Paul Delanoue justifie donc le changement de stratégie par la profonde modification des conditions de la lutte. Mais loin de souligner le nouveau consensus dont bénéficie la laïcité de l’Etat, qui manifeste la victoire du projet républicain, il pronostique au contraire le ralliement de la bourgeoisie à un nouveau cléricalisme.

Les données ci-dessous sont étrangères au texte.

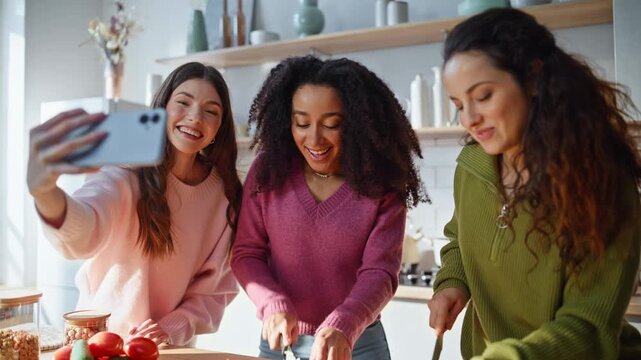 Blogger recording friends cooking at kitchen closeup. Three multi-ethnic women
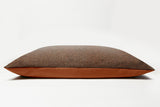 Brown textured pillow on a white background
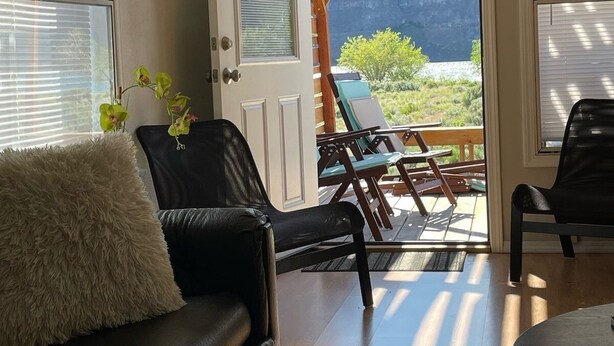 Una sala de estar con un sofá de cuero negro, un cojín mullido y vistas a un patio con mobiliario exterior.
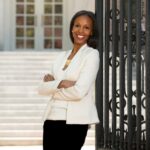 Sarah Lewis, a woman with medium brown skin tone, wears a white suit jacket and smiles with arms crossed as she leans against a wrought iron gate and looks forward.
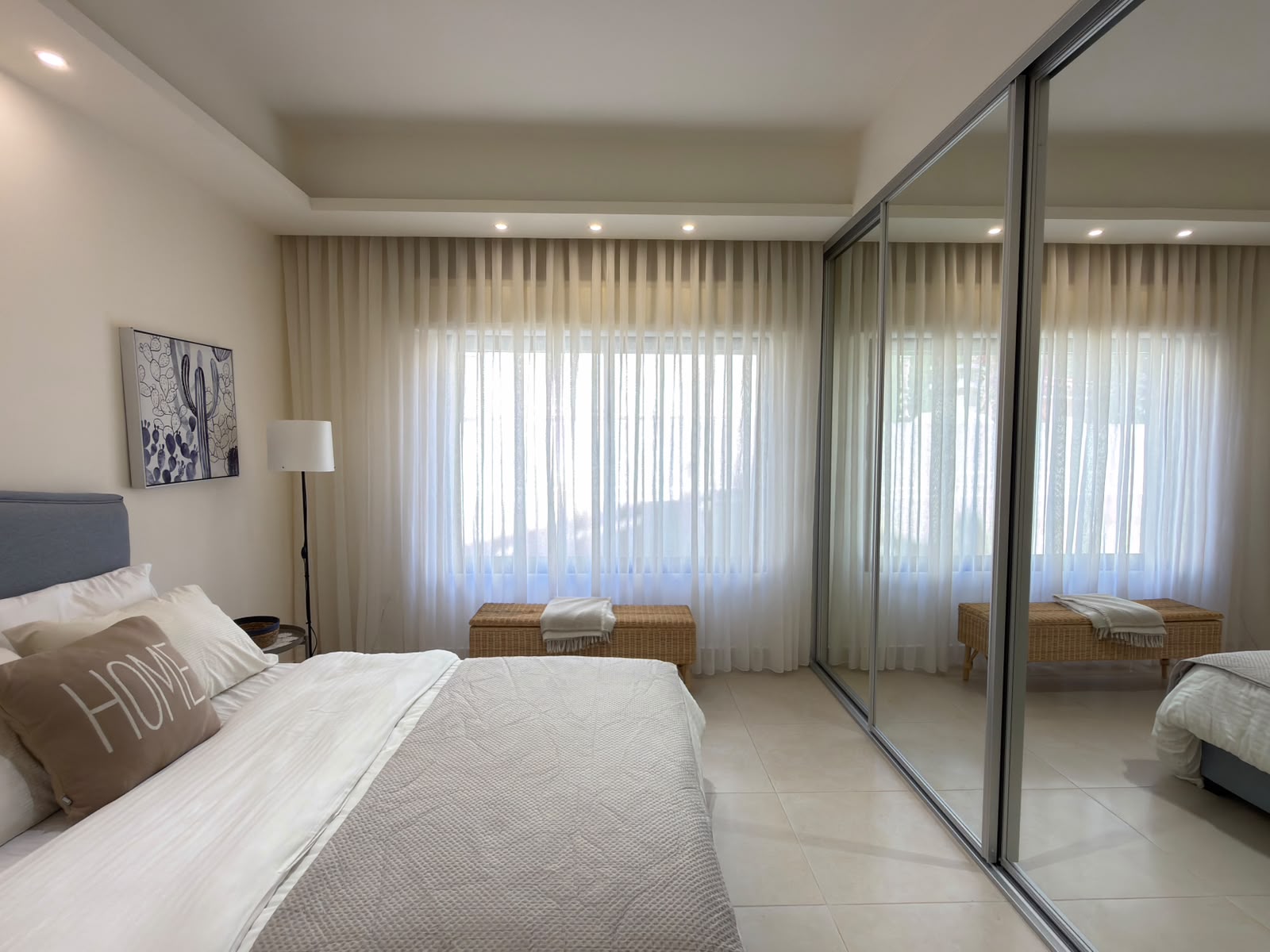 6733e808-d857-4cb0-a806-0ff1303fe31f Bright modern bedroom with a large bed, neutral bedding, sheer curtains, a wicker bench by the window, and a mirrored wardrobe door(s).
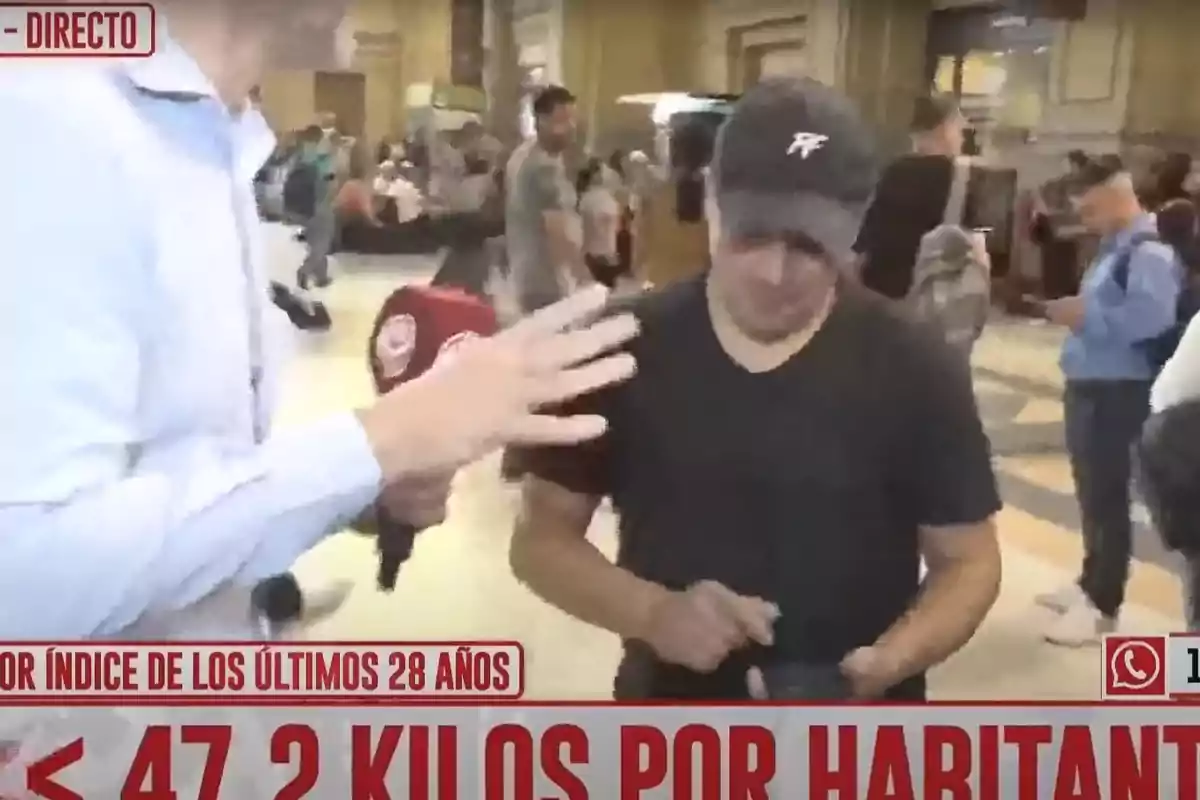 Un reportero está entrevistando a una persona en un lugar concurrido mientras sostiene un micrófono rojo con un logotipo.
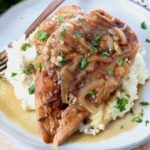 cooked french onion chicken breasts on plate with mashed potatoes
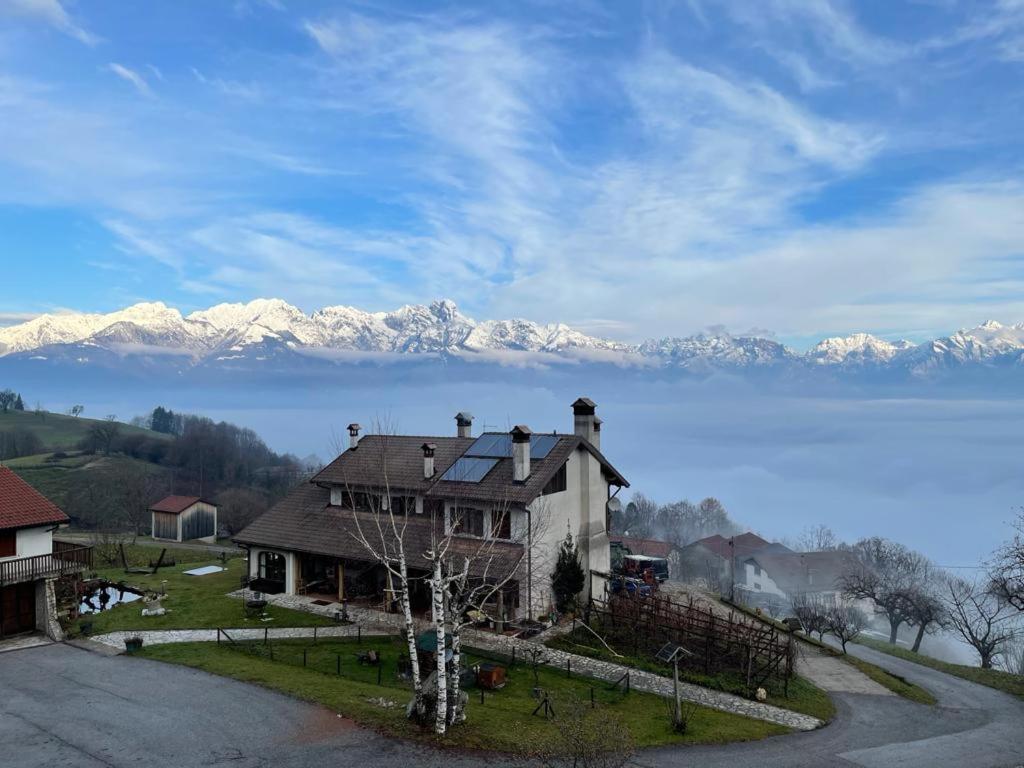 a house with snow covered mountains in the background at Agriturismo Bon Tajer in Colderù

Cet échafaudage historique manque donc de pertinence, et ne permet pas à Delanoue de convaincre au-delà des rangs « unitaires ». Son but est de présenter la laïcité comme l’un « des aspects du combat pour une nouvelle démocratie où le travail aura un rôle déterminant. » Autrement dit, il place la bataille laïque comme un élément d’une offensive d’ensemble pour un régime socialiste en France, objectif du PCF. La majorité des instituteurs n’accepte pas cette instrumentalisation partidaire de ses convictions laïques, d’autant qu’elle soutient électoralement d’autres partis de gauche, la SFIO et les radicaux.

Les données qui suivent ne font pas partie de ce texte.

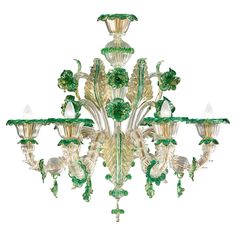 a green chandelier hanging from the ceiling with glass flowers and leaves on it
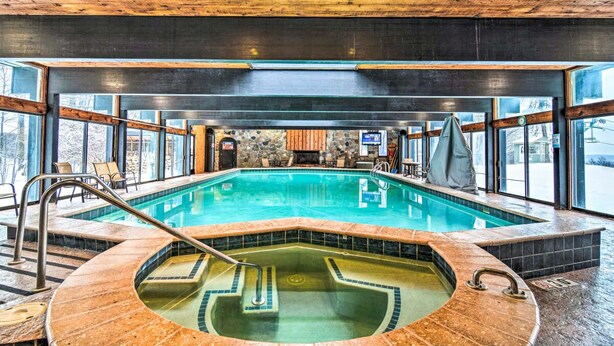 Ein großes Hallenbad mit separatem Whirlpoolbereich, umgeben von großen Fenstern und einer Steinwand.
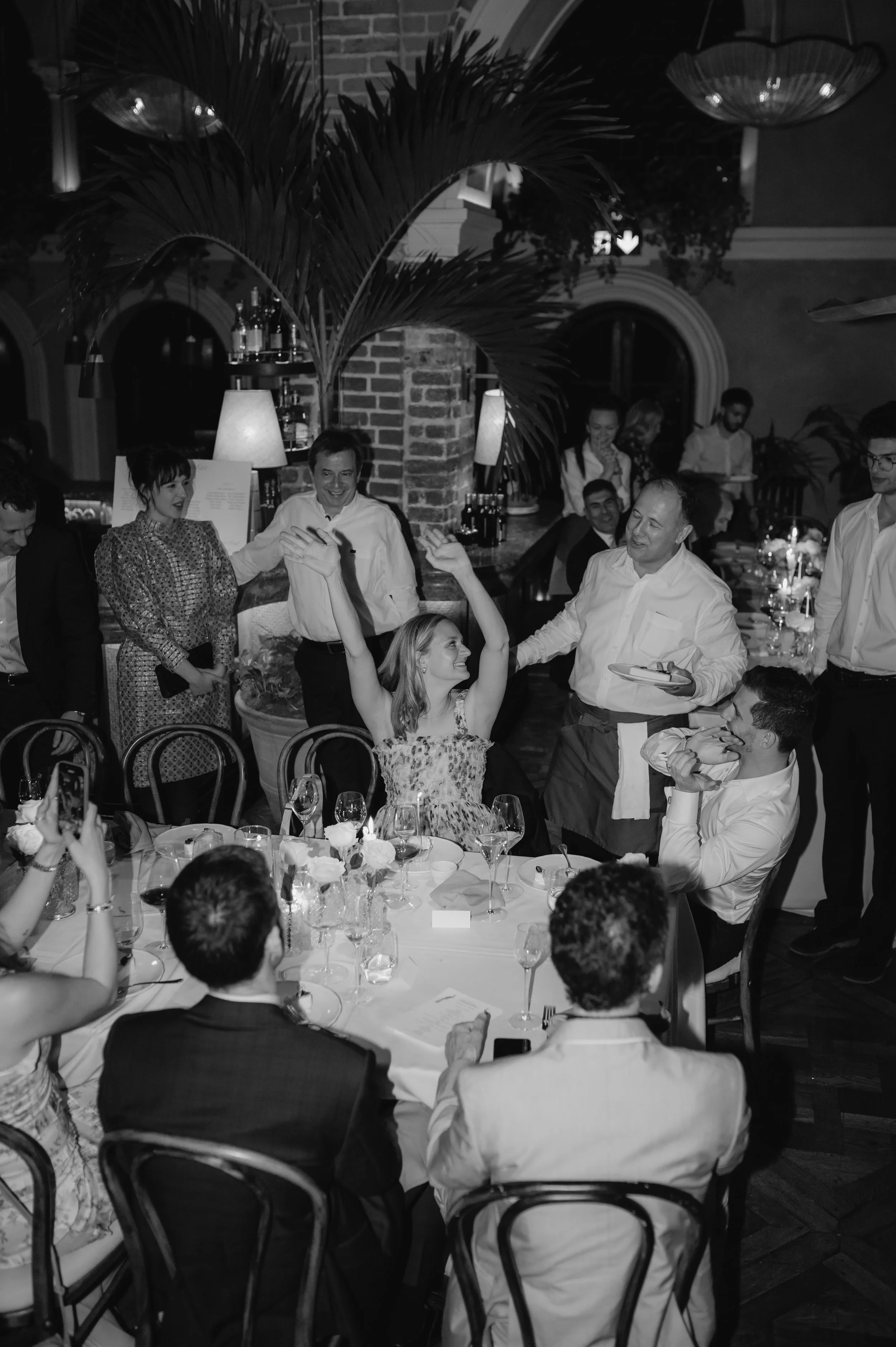 London wedding photography at Belvedere in Holland Park guests singing happy birthday to guest 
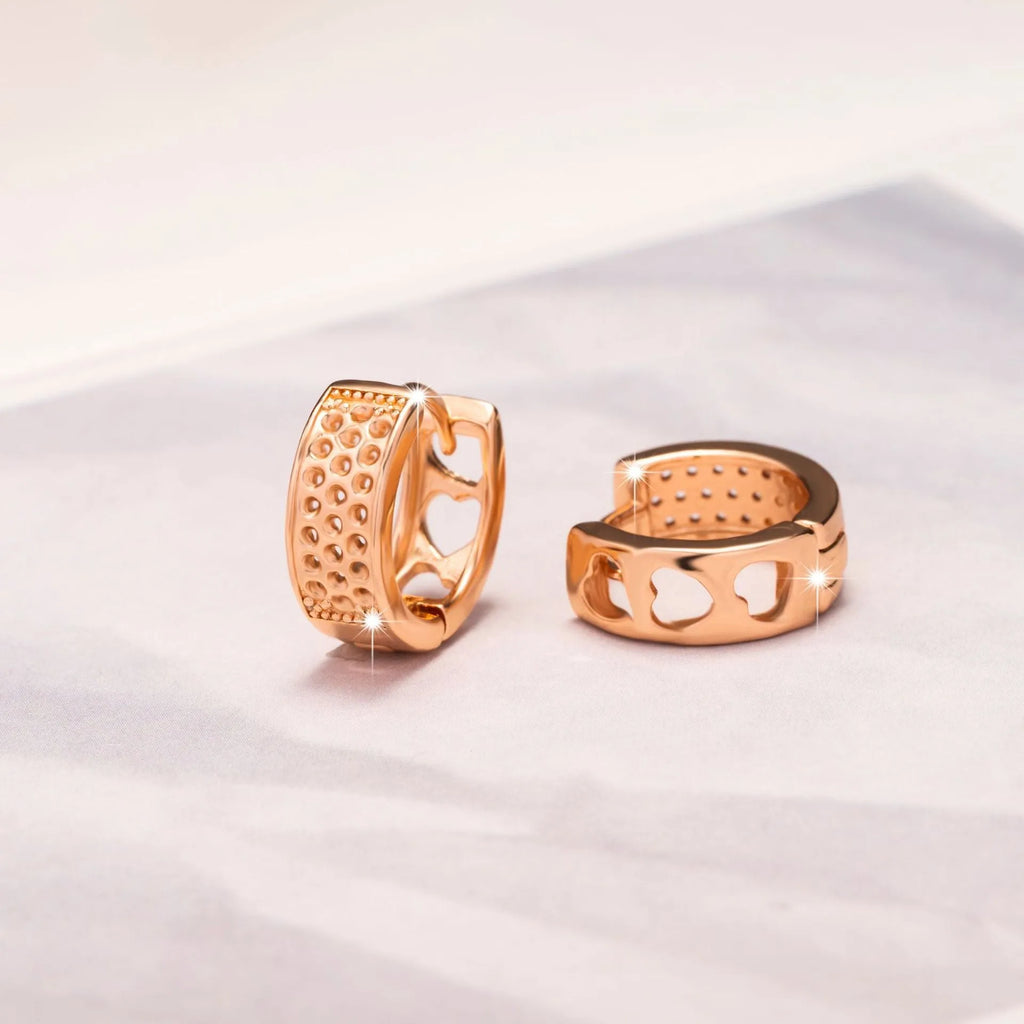 Rose gold heart-shaped women's earrings with three hollowed out sections in a circular design.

Le retour au laïcisme promu par Clément Durand

La majorité réformiste du SNI ne pouvait tolérer longtemps un tel changement de discours sur une question identitaire [17]. Elle choisit le durcissement. A partir de janvier 1946, Delanoue perd la responsabilité des questions laïques, remplacé d’abord par Jean-Auguste Senèze, puis en septembre 1946 par Clément Durand, jeune dirigeant majoritaire. Celui-ci renoue complètement avec la tradition anticléricale du SNI :
« Sous prétexte de garder à Dieu tous ses enfants, l’Eglise n’hésite pas à vouloir imprimer à la cire molle de leurs jeunes cerveaux une empreinte indélébile. Face à de telles exigences, nous sommes les véritables défenseurs de la liberté » [18].
D’autres déclarations indiquent la différence de ton avec Delanoue, attestant d’un certain sectarisme laïque. Clément Durand évoque un « fanatisme odieux » de l’Eglise catholique [19]. Ce style plus offensif témoigne du coup d’arrêt mis à la recherche d’une adaptation du combat laïque à une conjoncture bien différente de celle prévalant du temps de Jules Ferry. Durand prophétise : « nous nous acheminons peu à peu vers une nouvelle forme de religion d’Etat » [20].
La conception de la laïcité promue par le SNI se signale par son intransigeance. Elle refuse toute place dans l’Ecole Publique, non seulement à l’Eglise en tant qu’institution, mais également aux instituteurs catholiques, suspects non pour leur comportement, mais simplement pour leurs convictions. Clément Durand stigmatise le « travail de termites particulièrement dangereux » de la Jeunesse Etudiante Chrétienne (JEC) « à l’intérieur des écoles normales ». Pour lui, « l’existence d’une activité cléricale souterraine particulièrement habile » produit de « singulières institutrices laïques », qui constituent un danger pour l’école publique [21]. Pour répondre aux accusations catholiques de « sectarisme rémanent », il tente de nuancer son propos quelques mois plus tard, en évoquant l’existence « dans tous les départements » d’« instituteurs (…) qui vont régulièrement à la messe et qui, cependant, sont bien notés par leurs chefs. » Mais il explique que si dans « certaines régions, où la concurrence entre les deux écoles est particulièrement âpre », « les maîtres non-pratiquants ne sympathisent pas avec ces collègues », « cette attitude de réserve compréhensible » est la simple « conséquence » de cette compétition [22]. Le syndicat légitime donc la mise à l’écart de collègues à cause de leur foi, sans disposer d’éléments sur le contenu de leur enseignement [23]. Cette entorse à la liberté de conscience, « fondement même de la laïcité scolaire » selon Jean-François Chanet [24], ne fait qu’accentuer le décalage avec l’évolution de l’Eglise, qui reconnaît désormais la valeur de ce principe.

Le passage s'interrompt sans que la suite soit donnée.